Сегодня, проходя мимо клумбы, Ирвин вдруг вспомнил, что до свадьбы он всегда срывал несколько цветков для любимой Ларии. Ирвин остановился и посмотрел на маки, разлившиеся в самом центре клумбы. Он думал о том, как подолгу они с Ларией гуляли по айвовому саду, без причины смеялись за обеденным столом, и он не ругал её за вытекающее из булочек сливовое варенье. Но срывать маки для Ларии ему почему-то не захотелось.

“Зря я стал так холоден и строг к ней”, — подумал Ирвин и в ту же секунду увидел, как цветы задрожали, зашуршав лепестками, будто от порыва ветра, а стебли стали как будто немного сочнее. В середине клумбы, в окружении маков, возвышался очень красивый бордово-красный цветок с игольчатыми лепестками и жёлто-синей сердцевинкой.

“Странно, что я его не заметил”, — подумал Ирвин. Цветок был выше остальных и стоял, наклонив тяжёлый бордовый бутон. Ирвин даже не понял, как руки потянулись и сорвали этого красавца. Он нёс цветок домой, чтобы подарить жене. У поворота к их с Ларией домику Ирвин поднёс к носу желто-синий бархатный зрачок, окружённый бордовыми ресницами лепестков, и вдруг понял, что жена недостойна такого подарка. Наверняка булочки снова подгорели, бельё почём зря треплет ветер, да и кожа на её руках уже не такая шелковистая, как была раньше. Ирвин замедлил шаг и раздумывал, что же ему сделать с цветком. Он остановился, немного покрутил его между пальцами, зажмурился и со вздохом бросил цветок за соседский забор.

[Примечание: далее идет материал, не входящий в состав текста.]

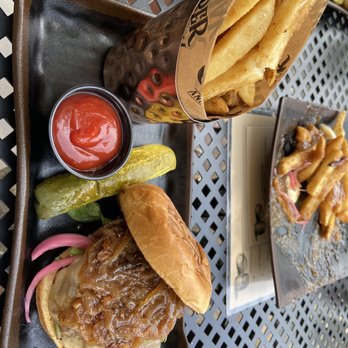 Copper and Oak - Burgers Near Me - Danville, Kentucky Copper and Oak - Burgers Near Me - Danville, Kentucky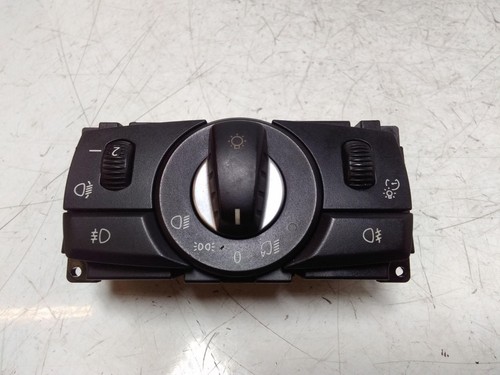 BMW 5 E60 Scheinwerferschalter 6988555 2.0 Diesel 2008 28533526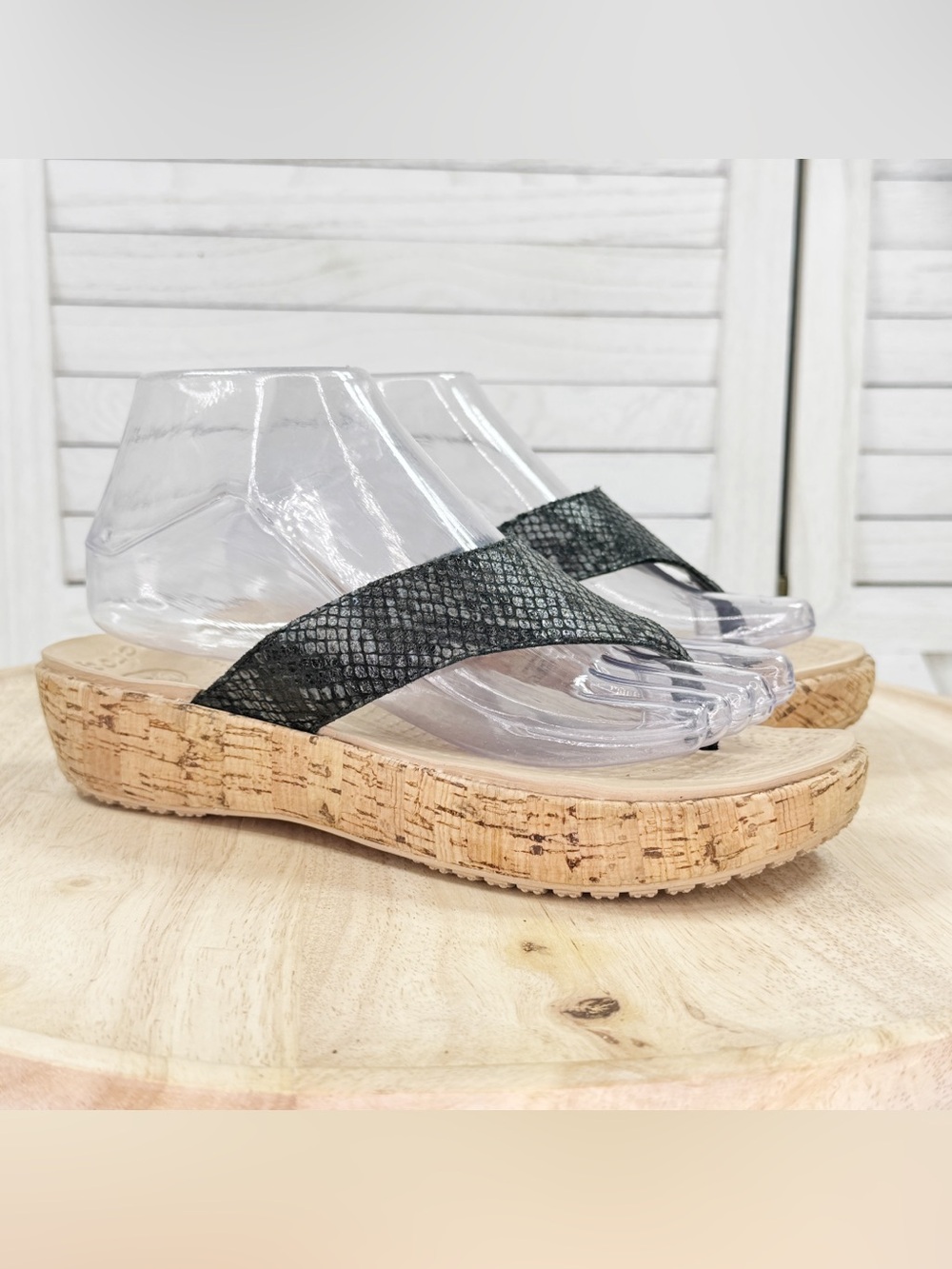 Crocs A Leigh Faux Cork Wedge Thong Sandals Black Tan Size 7 202035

Весь день Лария и Ирвин провели, разойдясь в разные углы дома. Лария тихонько плакала от того, что Ирвин больше её не любит, а Ирвин отрешённо смотрел в окно. Ему не давала покоя одна мысль: как же всё-таки хороша цветочная клумба, как приятно видеть её каждое утро по дороге домой. Он пытался отвлечься, считая появляющиеся на небе звёзды, прочитал несколько полос вчерашней газеты, но всё время чувствовал, как тонкий аромат цветка наполняет комнату. Когда сумерки уже подобрались к открытым окнам, Ирвин нервно расхаживал по дому, пытаясь почуять — откуда этот дивный запах то ли фиалки, то ли семилистного византийского крокуса. Он открыл дверь, сделал пару шагов в густую темноту, наполненную трескотнёй цикад, глубоко вдохнул чёрный ночной воздух и побежал. Ирвин мчался, закрыв глаза, а ноги сами несли его к мукомольному домику: мимо виноградника, мимо старой колокольни, через айвовый сад, прямо к клумбе. Ирвин понимал, что нет ничего важнее и приятнее, чем быть сейчас вместе с этим запахом, стать его частью, быть самим этим запахом.